Work to be completed:
In the records that follow, find the line with "Gemstone and Diamond Rings"; from there, retype every line exactly through the line with "Youth Ultra Cotton", which also belongs to the answer.

______

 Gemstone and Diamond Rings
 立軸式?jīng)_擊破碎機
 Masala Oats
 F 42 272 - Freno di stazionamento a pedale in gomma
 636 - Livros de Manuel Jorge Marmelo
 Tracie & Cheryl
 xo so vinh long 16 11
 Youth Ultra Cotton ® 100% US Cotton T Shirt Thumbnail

______

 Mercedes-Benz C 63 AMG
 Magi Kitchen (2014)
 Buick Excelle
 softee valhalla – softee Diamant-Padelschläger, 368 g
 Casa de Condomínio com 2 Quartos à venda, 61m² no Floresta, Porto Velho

______

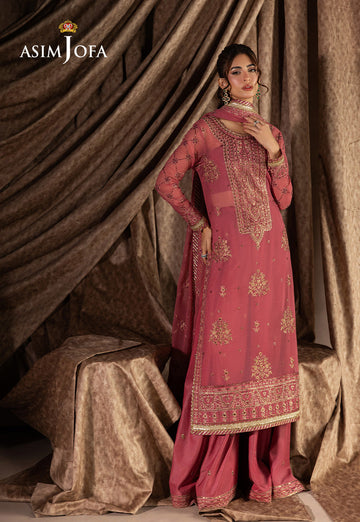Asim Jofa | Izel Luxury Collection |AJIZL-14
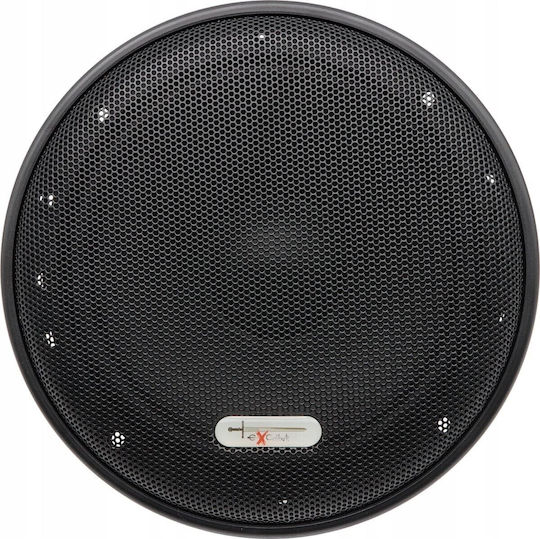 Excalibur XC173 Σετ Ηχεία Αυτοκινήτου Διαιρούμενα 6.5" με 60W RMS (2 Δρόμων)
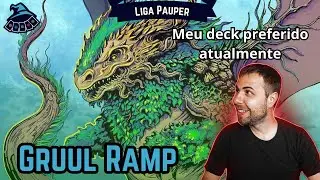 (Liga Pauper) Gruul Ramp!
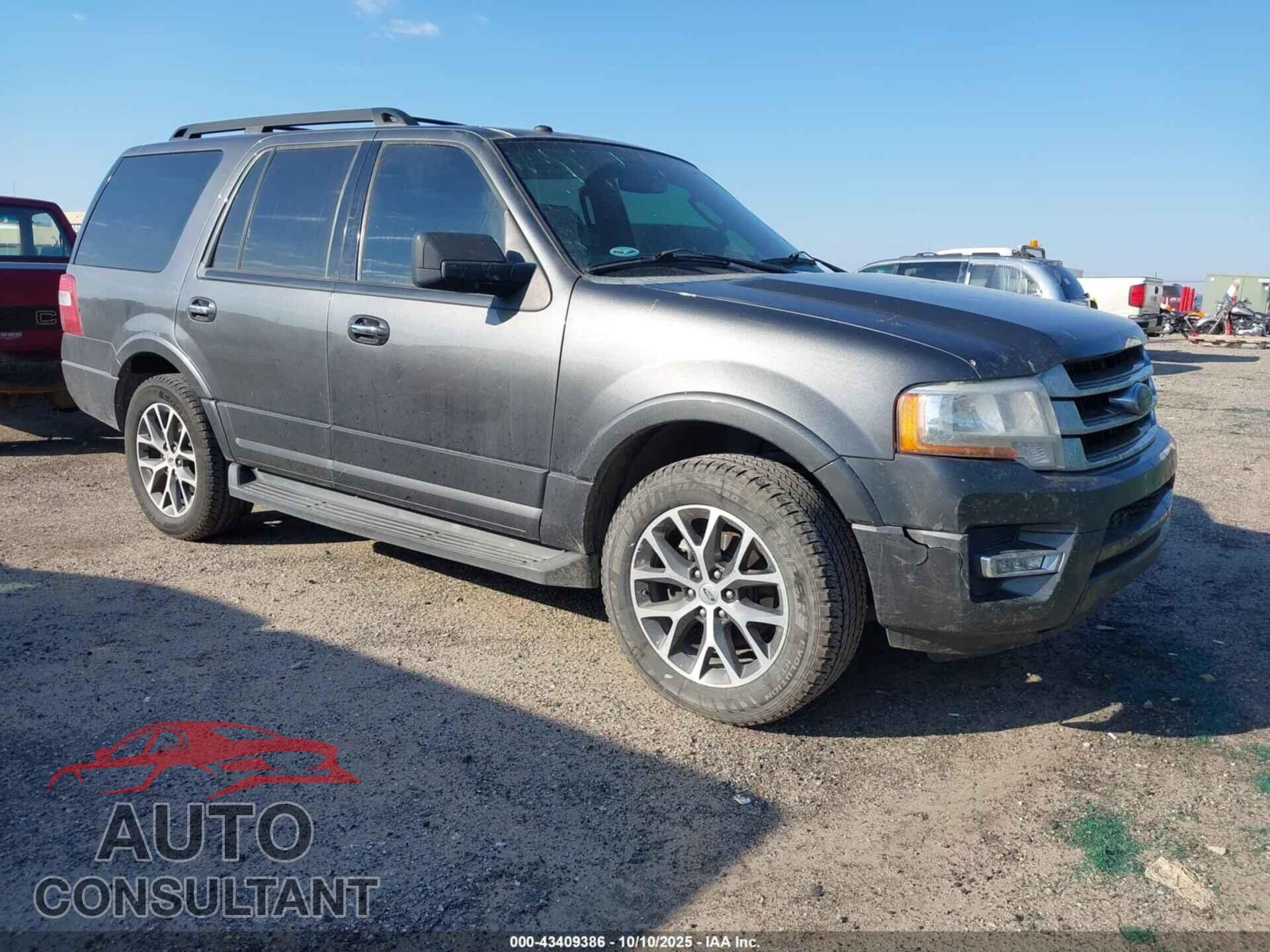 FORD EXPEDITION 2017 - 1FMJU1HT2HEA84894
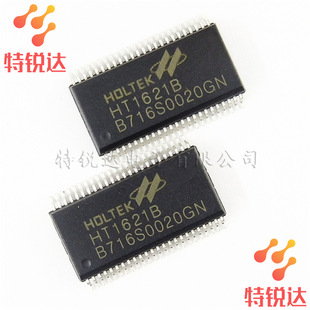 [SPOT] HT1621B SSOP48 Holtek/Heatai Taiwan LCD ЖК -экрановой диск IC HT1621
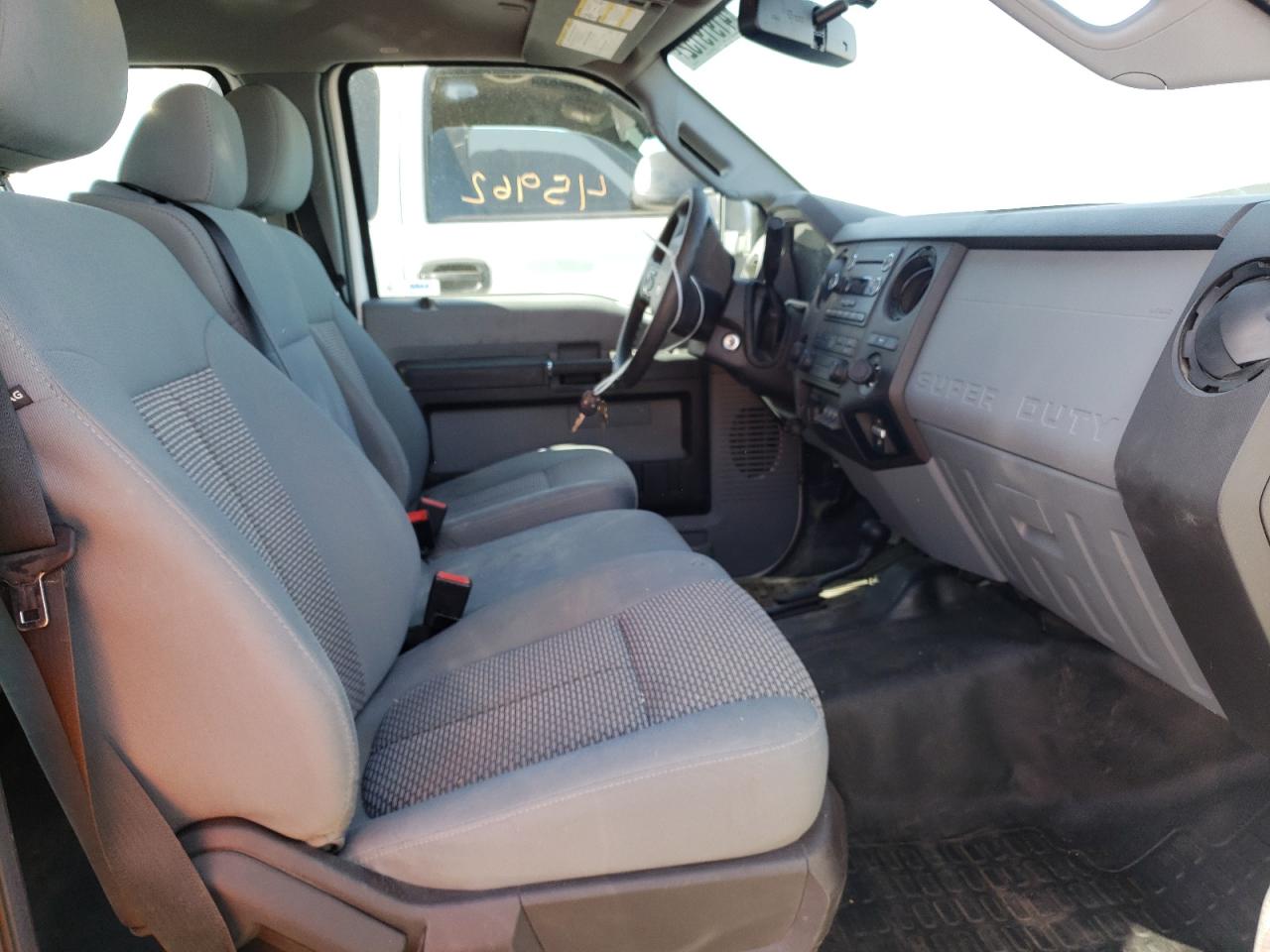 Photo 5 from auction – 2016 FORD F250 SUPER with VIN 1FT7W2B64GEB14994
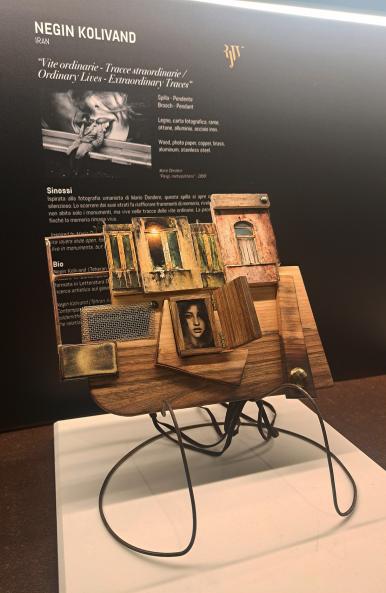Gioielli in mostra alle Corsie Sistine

______

Worked solution:
 Gemstone and Diamond Rings
 立軸式?jīng)_擊破碎機
 Masala Oats
 F 42 272 - Freno di stazionamento a pedale in gomma
 636 - Livros de Manuel Jorge Marmelo
 Tracie & Cheryl
 xo so vinh long 16 11
 Youth Ultra Cotton ® 100% US Cotton T Shirt Thumbnail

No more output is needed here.